▶ [Action item]
The line that contains "Achaean League Lacedaemon" marks the start. Output it and all remaining lines exactly, through the final line of the listing.

▶ [Exercise input]
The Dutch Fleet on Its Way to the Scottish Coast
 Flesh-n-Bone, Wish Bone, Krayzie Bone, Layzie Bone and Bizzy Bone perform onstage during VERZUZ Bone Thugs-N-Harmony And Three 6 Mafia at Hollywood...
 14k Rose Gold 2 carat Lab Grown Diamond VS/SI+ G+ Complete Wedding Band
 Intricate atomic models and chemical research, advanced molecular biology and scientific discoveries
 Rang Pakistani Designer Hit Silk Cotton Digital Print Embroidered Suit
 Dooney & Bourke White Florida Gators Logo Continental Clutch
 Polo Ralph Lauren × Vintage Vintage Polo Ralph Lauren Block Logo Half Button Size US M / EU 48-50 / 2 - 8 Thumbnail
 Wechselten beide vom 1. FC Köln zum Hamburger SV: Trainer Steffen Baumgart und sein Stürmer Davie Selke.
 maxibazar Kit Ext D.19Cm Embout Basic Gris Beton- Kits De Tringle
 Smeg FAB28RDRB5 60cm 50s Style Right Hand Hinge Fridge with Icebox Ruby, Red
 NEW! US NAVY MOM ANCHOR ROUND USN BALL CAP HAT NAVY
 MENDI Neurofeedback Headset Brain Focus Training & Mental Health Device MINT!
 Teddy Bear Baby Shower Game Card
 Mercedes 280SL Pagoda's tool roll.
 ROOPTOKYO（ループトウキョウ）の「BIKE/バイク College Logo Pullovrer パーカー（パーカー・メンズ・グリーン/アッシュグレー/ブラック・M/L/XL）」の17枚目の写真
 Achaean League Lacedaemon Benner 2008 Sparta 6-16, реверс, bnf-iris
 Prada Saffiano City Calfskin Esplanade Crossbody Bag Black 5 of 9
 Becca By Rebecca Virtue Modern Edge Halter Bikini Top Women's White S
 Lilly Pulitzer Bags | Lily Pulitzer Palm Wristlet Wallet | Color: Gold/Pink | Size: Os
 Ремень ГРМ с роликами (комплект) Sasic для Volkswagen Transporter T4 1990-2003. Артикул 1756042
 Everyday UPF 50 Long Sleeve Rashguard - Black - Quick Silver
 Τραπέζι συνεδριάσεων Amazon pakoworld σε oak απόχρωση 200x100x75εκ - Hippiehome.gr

▶ [Your response]
 Achaean League Lacedaemon Benner 2008 Sparta 6-16, реверс, bnf-iris
 Prada Saffiano City Calfskin Esplanade Crossbody Bag Black 5 of 9
 Becca By Rebecca Virtue Modern Edge Halter Bikini Top Women's White S
 Lilly Pulitzer Bags | Lily Pulitzer Palm Wristlet Wallet | Color: Gold/Pink | Size: Os
 Ремень ГРМ с роликами (комплект) Sasic для Volkswagen Transporter T4 1990-2003. Артикул 1756042
 Everyday UPF 50 Long Sleeve Rashguard - Black - Quick Silver
 Τραπέζι συνεδριάσεων Amazon pakoworld σε oak απόχρωση 200x100x75εκ - Hippiehome.gr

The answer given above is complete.